Jeffrey Hollon, Applied Optimization, Inc.; Kimberly Kinateder, Applied Optimization; Victoria Carone, Applied Optimization, Inc.; Tamara Payne, Applied Optimization, Inc.; Markus Ernst, Applied Optimization, Inc.; Phan Dao, Applied Optimization Inc.; Charles J. Wetterer, KBR; Stephen Gregory, Stephen A. Gregory, LLC; Anthony Dentamaro, Anthony Dentamaro, LLC; James Frith, AFRL/RVSW; Scott Milster, AFRL/RVSW
Keywords: cislunar, change detection, data fusion, identification, manifold learning
Abstract:
A critical function of successful Space Domain Awareness (SDA) is to provide robust and confident Space Object Identification (SOI) and Change Detection (CD) capabilities to analysts. We have developed a collection of algorithms that provide these capabilities for space objects in the Low-Earth Orbit (LEO) and Geosynchronous Earth Orbit (GEO) regimes when surveyed by ground-based and space-based sensor platforms. The proliferation of space objects outside of GEO demands that existing and new technologies address cislunar SDA. Due to differences between the LEO, GEO, and cislunar space domains, existing technologies cannot be applied directly and must evolve to operate in this new and highly dynamic environment. In this paper, we describe the operation of our current CD methods, the problems they face in generalizing from LEO and GEO to cislunar space, and our initial efforts and assessments to extend the CD methods to cislunar space.

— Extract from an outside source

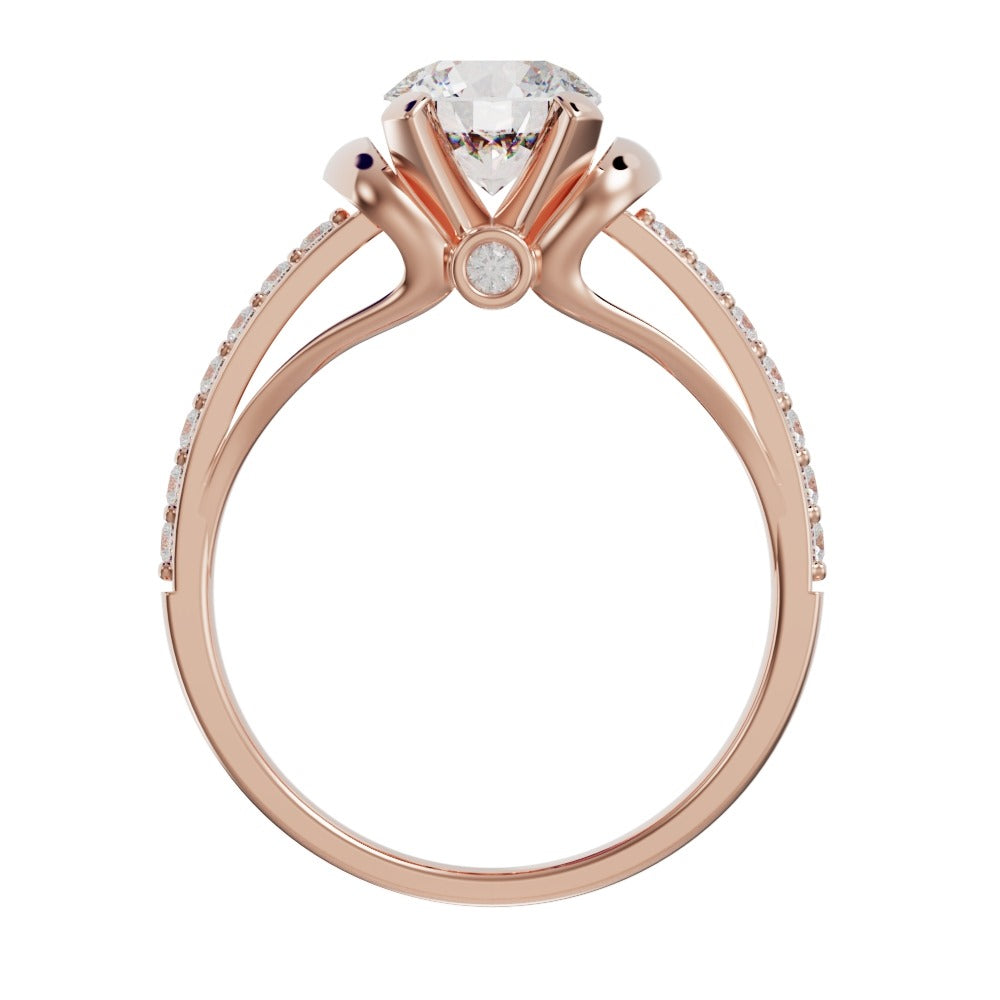 Rose gold ring with a diamond on a white background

The photometry-based CD methods we have developed can be differentiated by how much historical data they require. The baseline method assumes previous photometry data collected on the satellite are available for processing, while the baseline-less method requires only one collection of photometry data. These two methods are complementary in the sense that if the requirements for the baseline method are not met, changes can be assessed using the baseline-less method.
The baseline method ingests historical data on an object that can be from multiple sensors and embeds the astrometric and photometric information in a high-dimensional manifold that statistically learns the space objects brightness characteristics as illuminated and viewed from any direction and with a specific attitude profile (e.g., Earth-nadir pointing). Thus, our approach uses a fusion of astrometric and photometric measurements. The manifold is referred to as the space objects historical hypersurface, and it may be queried based on the orbital state vectors of new observations. The queried historical observations form a statistical baseline without the need to observe the space object under the same observing conditions. These extracted baseline light curves are statistically modelled to provide an expected light curve against which the new data will be evaluated in order to invoke our CD methods.
The baseline-less method comprises a set of three algorithms designed to detect near real-time changes. They differ in that they utilize local trends in the photometric data from one collection, in order to develop an understanding of the space objects behavior. When the local trends are broken, based on statistically driven thresholds, the baseline-less method will flag that a change has occurred.
To demonstrate and test our two CD approaches on objects in cislunar space, we generated a set of notional ground- and space-based photometric observations of targets in selected cislunar orbits. Using the Satellite Visualization and Signature Tool (SVST), we then simulated their photometric light curves. Changes in the targets pose are imposed in the simulations to mimic real-world attitude control changes that cislunar space objects are expected to perform. The baseline and baseline-less methods were tested on this dataset, and their ability to correctly detect these changes in space object behavior was quantified to demonstrate their level of success. Further, we demonstrated that the use of our baseline method provides the ability to perform CD along with SOI.
Date of Conference: September 27-20, 2022
Track: Non-Resolved Object Characterization